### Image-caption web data
***

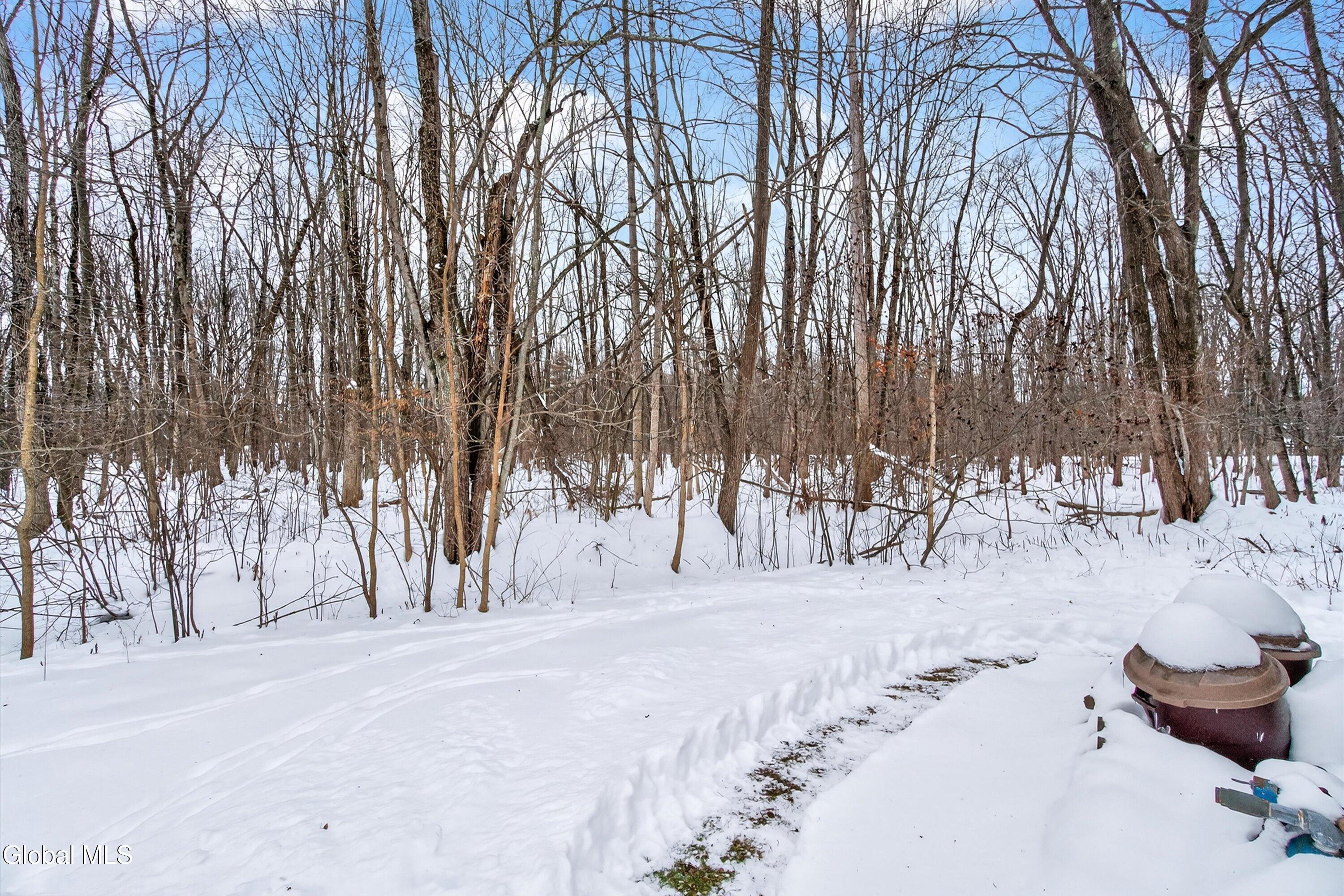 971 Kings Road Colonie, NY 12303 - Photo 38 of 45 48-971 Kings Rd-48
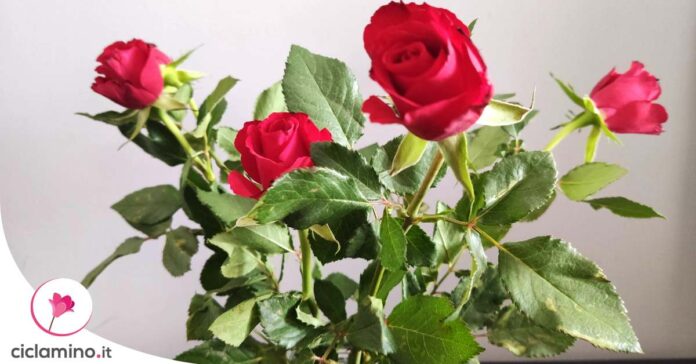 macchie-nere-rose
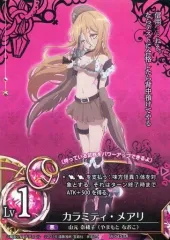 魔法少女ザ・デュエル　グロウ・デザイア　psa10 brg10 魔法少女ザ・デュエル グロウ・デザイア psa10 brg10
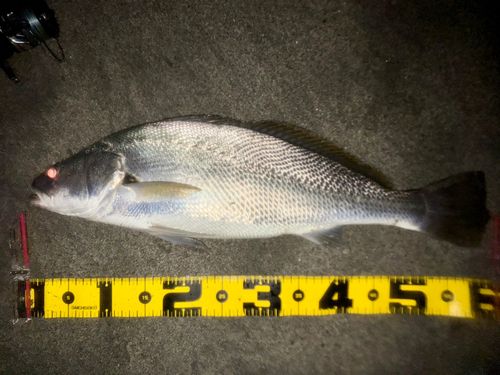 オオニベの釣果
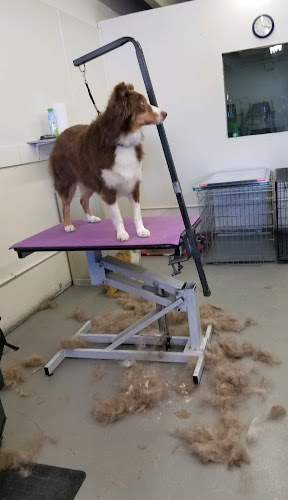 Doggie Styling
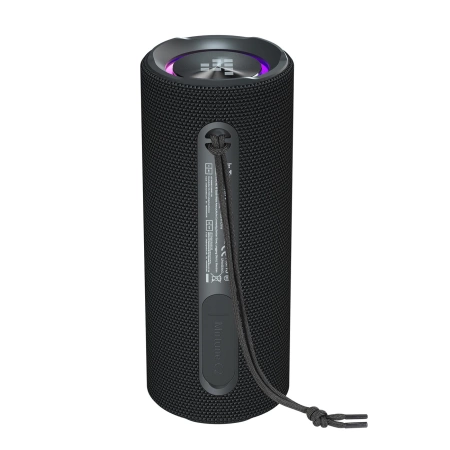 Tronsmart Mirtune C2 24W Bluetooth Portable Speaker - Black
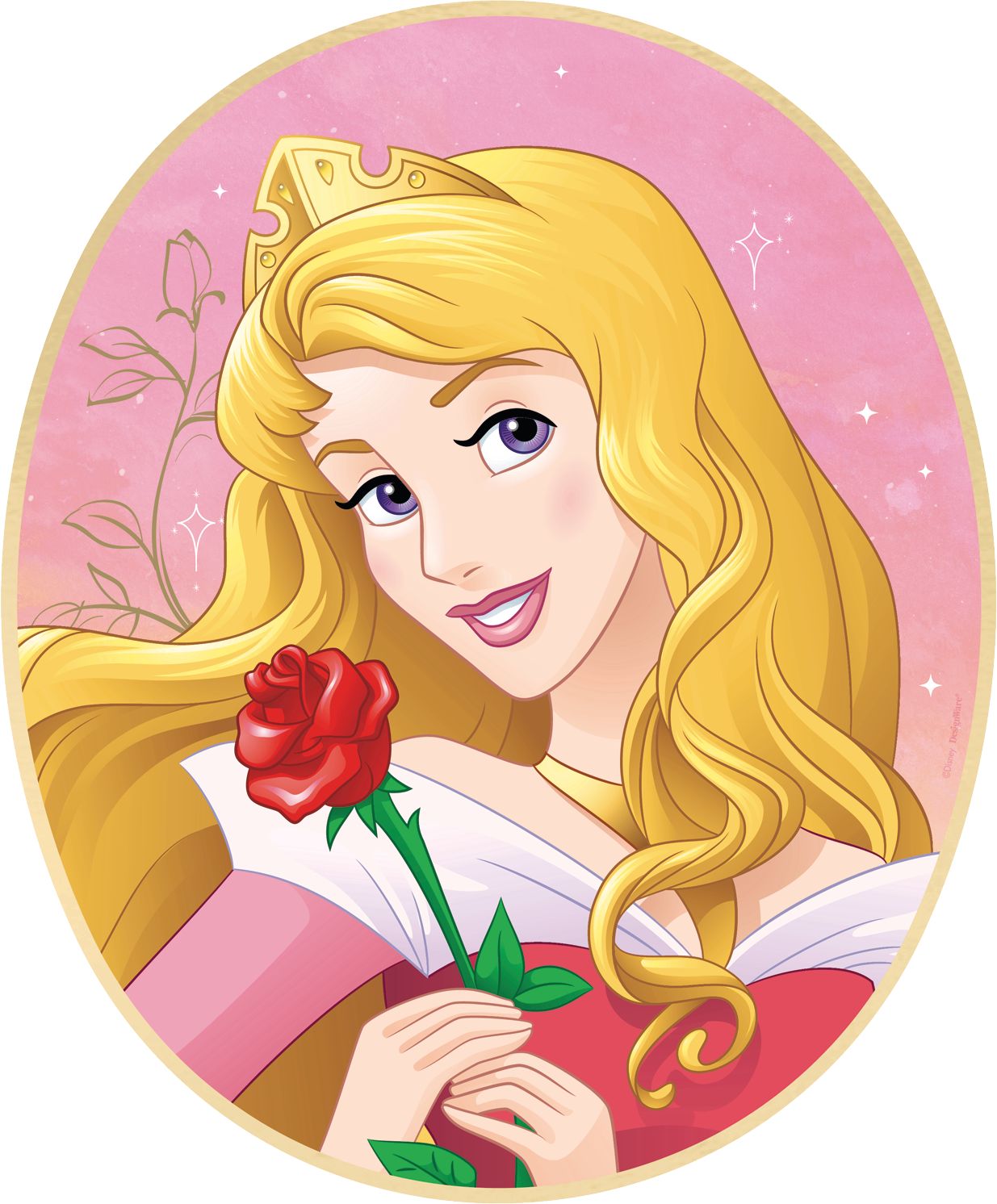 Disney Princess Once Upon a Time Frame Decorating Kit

***

### Aim of the exercise
The entries are to be written out in full and exactly, apart from the pictures.

### Task solution
 971 Kings Road Colonie, NY 12303 - Photo 38 of 45 48-971 Kings Rd-48
 macchie-nere-rose
 魔法少女ザ・デュエル　グロウ・デザイア　psa10 brg10 魔法少女ザ・デュエル グロウ・デザイア psa10 brg10
 オオニベの釣果
 Doggie Styling
 Tronsmart Mirtune C2 24W Bluetooth Portable Speaker - Black
 Disney Princess Once Upon a Time Frame Decorating Kit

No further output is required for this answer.